Everyone seems comfortable with the relationship between lawmakers and lizard-loafered lobbyists except We the Unwashed. But then, what do we know?
Rep. Don Parsons, R-Cobb County, a seven-term member of the House, views the fuss over trying to curb unlimited lobbying expenditures as “silly.” Parsons has some serious competition in the Republican primary. I would have suggested he employ a more appropriate term. Most of us don’t find this matter silly.
House Speaker David Ralston, R-Blue Ridge, one of the prime beneficiaries of lobbyists’ largesse, believes the issue to be a left-wing liberal conspiracy. I don’t drive in the political fast lane, but I find that accusation a little confusing because a poll by the Atlanta newspapers found that 82 percent of Republicans who are registered to vote want lobbying limits.
A new poll by Round or Square Polls, a division of the Yarbrough Worldwide Media and Pest Control Company located in greater Garfield, reports that 100 percent of the 82 percent of the Republicans who want to see expenditure limitations on lobbyists were surprised to learn they are left-wing liberals. As Junior E. Lee, the company’s general manager, observed, “You just can’t tell about folks these days.”
Ralston urges us to check his entertainment schedule on the Georgia Government Transparency and (inhale) Campaign Finance Commission website instead of fretting over limiting lobbying expenditures. So I do. Every month. And I will. Every month. Call it my gift to you.
On June 6, Arthur “Skin” Edge of the lobbying firm GeorgiaLink Public Affairs bought the speaker a $24.95 dinner. On June 12, Christopher Downing — a registered lobbyist for UHS–Pruitt Corporation, a regional healthcare company — paid $105.42 for dinner for the speaker. The next day — or night, the commission report isn’t that transparent — Downing spent $16.51 on drinks for the speaker, and then Downing bought the speaker dinner, a measly $21.81.
That brings Ralston’s total for June to $168.69 and for the first six months of 2012 to $4,145.21, courtesy of lizard-loafered lobbyists.
But wait, as the infomercials say, there’s more. Lobbyists and their well-heeled companies have also contributed mightily to Ralston’s re-election campaign fund, which stands at $317,897.28. That should be just enough to get him over the top, since he is running unopposed.
Why does this man need that much money when no one is running against him? The answer: He doesn’t. What he does is dole out portions of the fund to his minions in the Legislature for their own re-election campaigns. It is a great way to ensure loyalty to the speaker — courtesy of the lobbyists, of course.

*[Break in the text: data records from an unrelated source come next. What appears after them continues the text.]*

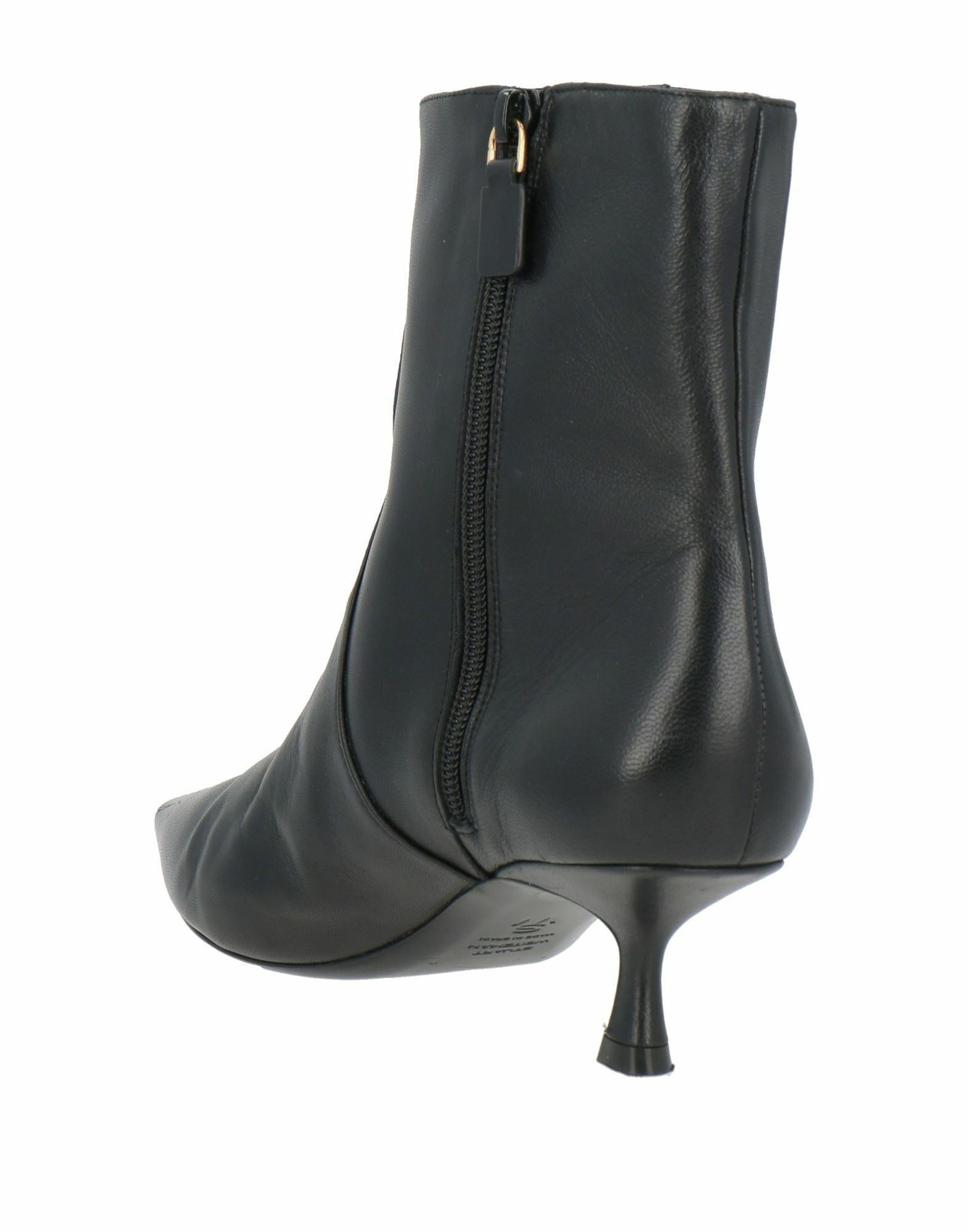 Stuart Weitzman Womens Ankle boots in Black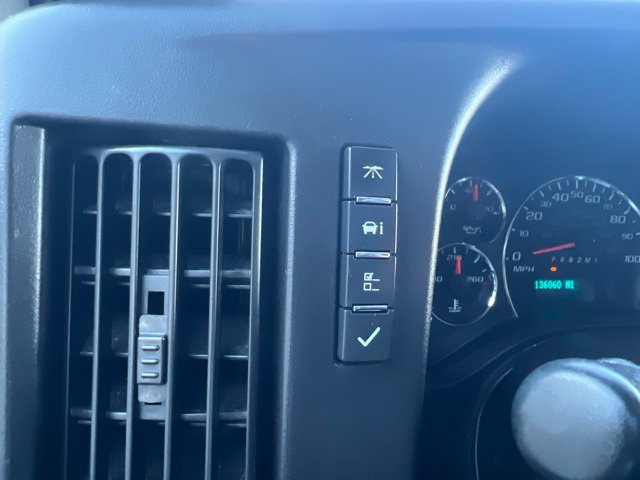 Used 2017 Chevrolet Express 2500 RWD image 21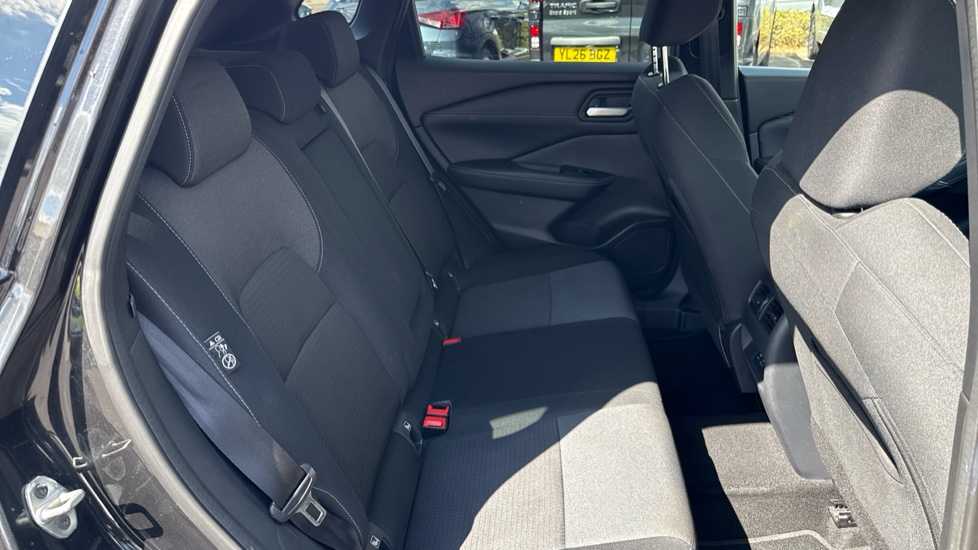 Nissan Qashqai 1.3 DiG-T MH N-Connecta 5dr Petrol Hatchback - Image 16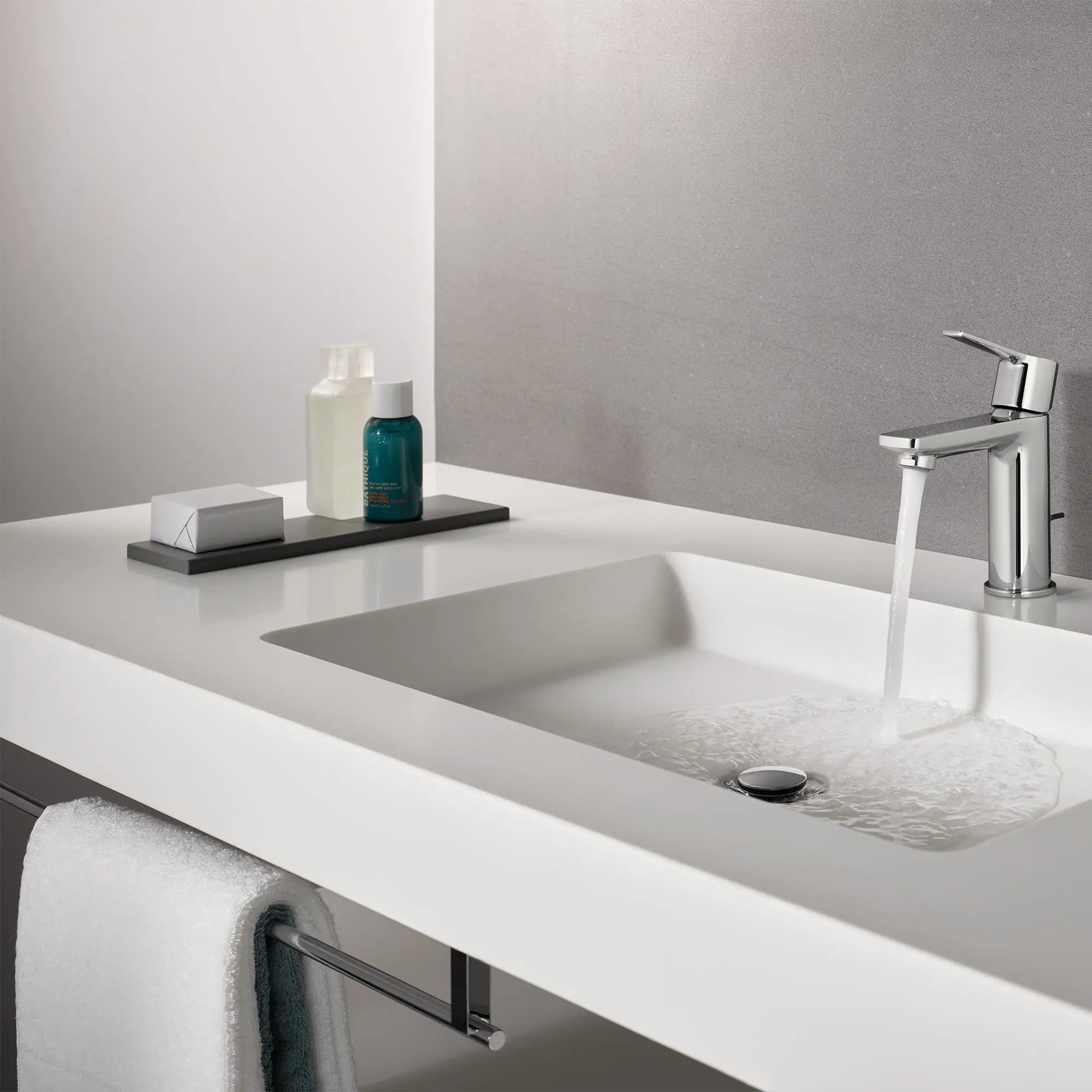 24" Towel Bar // GROHE STARLIGHT CHROME // 163683_B-2382400A_40509001_0_CDNwebp.webp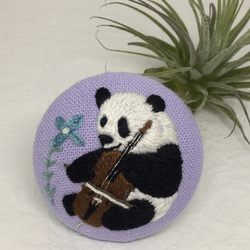 【リニューアル】パンダはチェロを弾く♫くるみボタン刺繍ブローチ☆動物楽器シリーズ3 1枚目の画像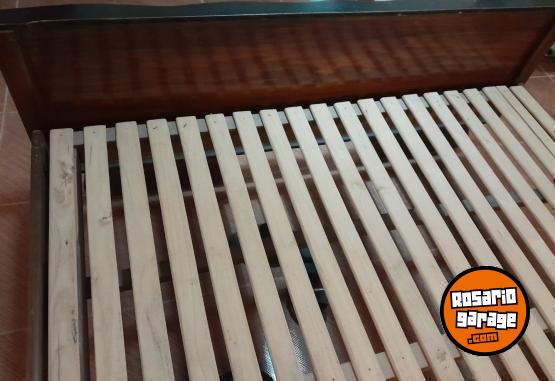 Hogar - Cama de 2 plazas con 2 mesitas de luz - En Venta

Longtime Georgia political observer and columnist Tom Crawford writes, “Although much attention is being paid to the dollars that lobbyists spend to entertain legislators, the really big money in Georgia politics comes in the form of campaign contributions, many of them made by lobbyists.” He is right on the button.
And then there is this: The unregistered lobbyist who took Ralston and his family and Ralston’s chief of staff Spiro Amburn and his wife to Germany on the $17,000 boondoggle over the Thanksgiving holidays in 2010 was fined a whopping $300 by the Transparency and Whatever Committee recently. Why such a little fine for such a big brouhaha? The entourage says it was there to look at magnetic-levitation trains (insert joke here). State law only requires a person to register as a lobbyist if they are trying to influence pending legislation. Since no one had introduced a bill on maglev trains before or during this excursion, there was no official influence-peddling taking place, even though their host represents a company that sells these trains. Even Junior E. Lee is still trying to figure that one out.
I had high hopes when the Republicans gained control in Georgia from a group of Democrats who thought they ruled by divine right. I should have known better. Incumbency breeds money, and money breeds arrogance, and in politics, arrogance knows no party affiliation.
I give the current crowd one more election cycle to make a serious effort to understand our concerns about their nod-nod, wink-wink association with lobbyists and do something about it. If they don’t, not even their suck-up relationship with the American Legislative Exchange Council and Americans for Prosperity can save their careers. Legislators may find all of this silly, but We the Unwashed do not.